Now we can use the trained model to split an input document into multiple documents. We assume that we have a document that consists of several documents and therefore needs to be separated.

# run the prediction with the Context Aware File Splitting Model
new_documents = []
current_document = None
for page in test_document.pages():
    pred = file_splitting_model.predict(page)
    if pred.is_first_page:
        # create a new Document when a first Page is found
        if current_document is not None:
            new_documents.append(current_document)
        current_document = project.create_document(category_id=YOUR_CATEGORY_ID)
        current_document.add_page(page)
    else:
        # add the Page to the current Document
        current_document.add_page(page)
# add the last Document to the list
new_documents.append(current_document)

The variable new_documents now contains a list of separate documents extracted from the original input document.

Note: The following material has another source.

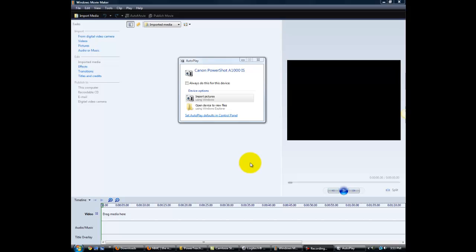Okay, now that we're ready to import our pictures into the computer, we need to connect the computer and the camera. Once that's done, we'll turn the camera on, and we should get this window to pop up for our project.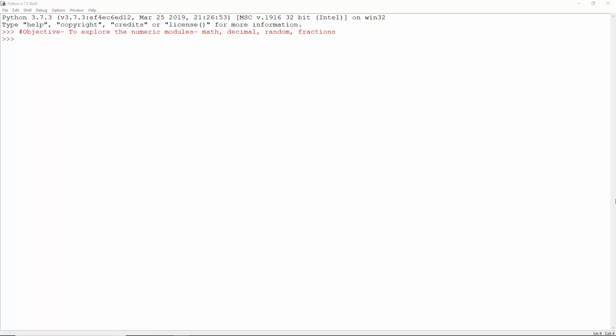Let's explore the numeric modules in Python. These are math, decimal, random, and fractions. Let's begin.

Validation through Human-in-the-Loop UI

Document processing is an important component in various industries, such as banking, insurance, and legal. The process of scanning and filing multiple documents can be time-consuming, and there is often a need for an automated solution that can divide and organize these documents. However, automated solutions are not always perfect and can miss important details or misidentify a document type. This is where a human interface, the Document Validation UI (DV UI), comes into play.

split document

DV UI is a tool that allows people to interact with an automated document processing system to validate and correct its output. The DV UI provides an interface for users to review and verify automated document splitting and file organization and make corrections as necessary. Users can also train the AI system to recognize new document types to ensure the accuracy of future splits and organization.

Using DV UI to fine-tune the AI that automatically splits scans and files can significantly improve the accuracy and efficiency of document processing. The AI system can learn from the user's corrections and update its algorithms to better recognize document types and split them accordingly. The more data the AI system receives from the user, the more accurate it becomes, so less manual intervention is required over time.

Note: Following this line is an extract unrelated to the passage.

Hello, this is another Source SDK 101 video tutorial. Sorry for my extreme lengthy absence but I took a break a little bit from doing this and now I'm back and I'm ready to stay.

categorize and rename document

In addition, by using DV UI for document processing, companies can save time and money, as the system can process more documents in less time with fewer errors. This means that companies can focus their resources on other important tasks, such as analyzing the data extracted from the processed documents, instead of manually organizing and splitting them.

In summary, DV UI is an indispensable tool for fine-tuning AI that automatically splits scans and files containing multiple documents. Its use can significantly improve the accuracy and efficiency of document processing, reduce the need for manual intervention, and allow organizations to focus on other important tasks.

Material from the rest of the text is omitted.